• **Your assignment**
Go through the entries below and copy each line containing the word "Life".

Source material START

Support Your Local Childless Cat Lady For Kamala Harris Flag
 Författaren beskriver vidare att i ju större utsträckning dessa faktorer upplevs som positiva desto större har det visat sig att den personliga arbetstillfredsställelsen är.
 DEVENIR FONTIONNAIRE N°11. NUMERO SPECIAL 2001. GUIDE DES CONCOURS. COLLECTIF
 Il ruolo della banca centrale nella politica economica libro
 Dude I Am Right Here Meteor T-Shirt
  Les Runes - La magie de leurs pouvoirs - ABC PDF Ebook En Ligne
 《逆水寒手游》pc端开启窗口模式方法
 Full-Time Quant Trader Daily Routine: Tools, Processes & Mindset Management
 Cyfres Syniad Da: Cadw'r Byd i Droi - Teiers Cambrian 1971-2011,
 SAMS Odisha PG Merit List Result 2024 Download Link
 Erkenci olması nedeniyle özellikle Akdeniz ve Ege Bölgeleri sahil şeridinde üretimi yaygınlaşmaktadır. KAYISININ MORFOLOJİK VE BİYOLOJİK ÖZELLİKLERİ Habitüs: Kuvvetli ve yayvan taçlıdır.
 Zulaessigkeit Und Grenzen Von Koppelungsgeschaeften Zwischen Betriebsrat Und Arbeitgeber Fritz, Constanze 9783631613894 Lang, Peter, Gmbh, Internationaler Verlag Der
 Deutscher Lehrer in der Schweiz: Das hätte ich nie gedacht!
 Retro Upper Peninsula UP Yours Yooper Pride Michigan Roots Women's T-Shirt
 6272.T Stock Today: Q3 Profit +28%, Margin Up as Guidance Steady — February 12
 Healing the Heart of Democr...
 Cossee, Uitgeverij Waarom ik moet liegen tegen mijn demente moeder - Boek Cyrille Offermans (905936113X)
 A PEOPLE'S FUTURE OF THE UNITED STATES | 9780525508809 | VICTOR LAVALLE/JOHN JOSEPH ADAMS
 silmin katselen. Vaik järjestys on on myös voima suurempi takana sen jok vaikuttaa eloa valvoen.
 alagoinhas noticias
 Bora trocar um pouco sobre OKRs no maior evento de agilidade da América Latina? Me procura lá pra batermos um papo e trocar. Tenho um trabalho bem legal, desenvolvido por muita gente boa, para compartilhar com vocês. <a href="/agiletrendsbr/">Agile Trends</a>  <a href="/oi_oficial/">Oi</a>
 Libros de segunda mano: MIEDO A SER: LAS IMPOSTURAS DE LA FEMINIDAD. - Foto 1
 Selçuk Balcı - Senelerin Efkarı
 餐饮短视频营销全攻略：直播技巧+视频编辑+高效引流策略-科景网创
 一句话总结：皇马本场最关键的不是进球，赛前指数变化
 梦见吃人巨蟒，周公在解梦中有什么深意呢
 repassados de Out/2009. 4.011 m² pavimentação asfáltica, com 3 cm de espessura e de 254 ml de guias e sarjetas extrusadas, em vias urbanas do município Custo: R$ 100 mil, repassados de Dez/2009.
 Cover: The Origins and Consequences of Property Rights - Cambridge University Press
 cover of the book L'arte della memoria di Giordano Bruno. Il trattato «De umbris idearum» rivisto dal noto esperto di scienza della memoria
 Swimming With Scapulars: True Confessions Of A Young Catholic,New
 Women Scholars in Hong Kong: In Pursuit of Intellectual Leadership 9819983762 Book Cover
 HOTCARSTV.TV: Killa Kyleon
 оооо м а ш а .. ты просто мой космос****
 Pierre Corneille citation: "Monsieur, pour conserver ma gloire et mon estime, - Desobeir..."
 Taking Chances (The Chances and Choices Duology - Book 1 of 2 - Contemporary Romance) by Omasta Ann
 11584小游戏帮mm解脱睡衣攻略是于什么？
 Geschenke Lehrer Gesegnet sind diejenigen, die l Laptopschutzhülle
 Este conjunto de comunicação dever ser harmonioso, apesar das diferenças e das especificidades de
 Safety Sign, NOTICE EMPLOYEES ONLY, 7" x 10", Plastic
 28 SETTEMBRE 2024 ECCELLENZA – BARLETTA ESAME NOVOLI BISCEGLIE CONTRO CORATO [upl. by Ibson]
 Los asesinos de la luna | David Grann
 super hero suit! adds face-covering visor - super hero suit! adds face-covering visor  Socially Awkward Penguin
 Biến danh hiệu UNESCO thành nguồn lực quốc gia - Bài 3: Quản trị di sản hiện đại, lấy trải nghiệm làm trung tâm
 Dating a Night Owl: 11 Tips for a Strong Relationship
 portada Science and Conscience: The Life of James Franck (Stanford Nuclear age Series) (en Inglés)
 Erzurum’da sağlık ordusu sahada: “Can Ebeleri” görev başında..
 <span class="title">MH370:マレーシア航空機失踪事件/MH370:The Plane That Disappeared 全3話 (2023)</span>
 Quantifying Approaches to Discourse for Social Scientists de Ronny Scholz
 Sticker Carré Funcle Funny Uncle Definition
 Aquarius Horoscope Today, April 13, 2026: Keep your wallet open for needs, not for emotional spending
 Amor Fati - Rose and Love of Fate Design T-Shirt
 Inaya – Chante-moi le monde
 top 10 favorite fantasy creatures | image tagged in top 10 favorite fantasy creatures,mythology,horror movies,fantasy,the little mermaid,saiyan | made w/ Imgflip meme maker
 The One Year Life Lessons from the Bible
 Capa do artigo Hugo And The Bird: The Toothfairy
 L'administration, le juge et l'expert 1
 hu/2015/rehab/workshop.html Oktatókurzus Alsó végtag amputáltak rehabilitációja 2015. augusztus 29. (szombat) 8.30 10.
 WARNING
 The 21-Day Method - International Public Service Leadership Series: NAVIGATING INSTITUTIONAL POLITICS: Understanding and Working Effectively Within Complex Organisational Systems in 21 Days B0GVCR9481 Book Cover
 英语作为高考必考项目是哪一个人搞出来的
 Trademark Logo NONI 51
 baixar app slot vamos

Source material END

• **Exercise result**
 portada Science and Conscience: The Life of James Franck (Stanford Nuclear age Series) (en Inglés)
 The One Year Life Lessons from the Bible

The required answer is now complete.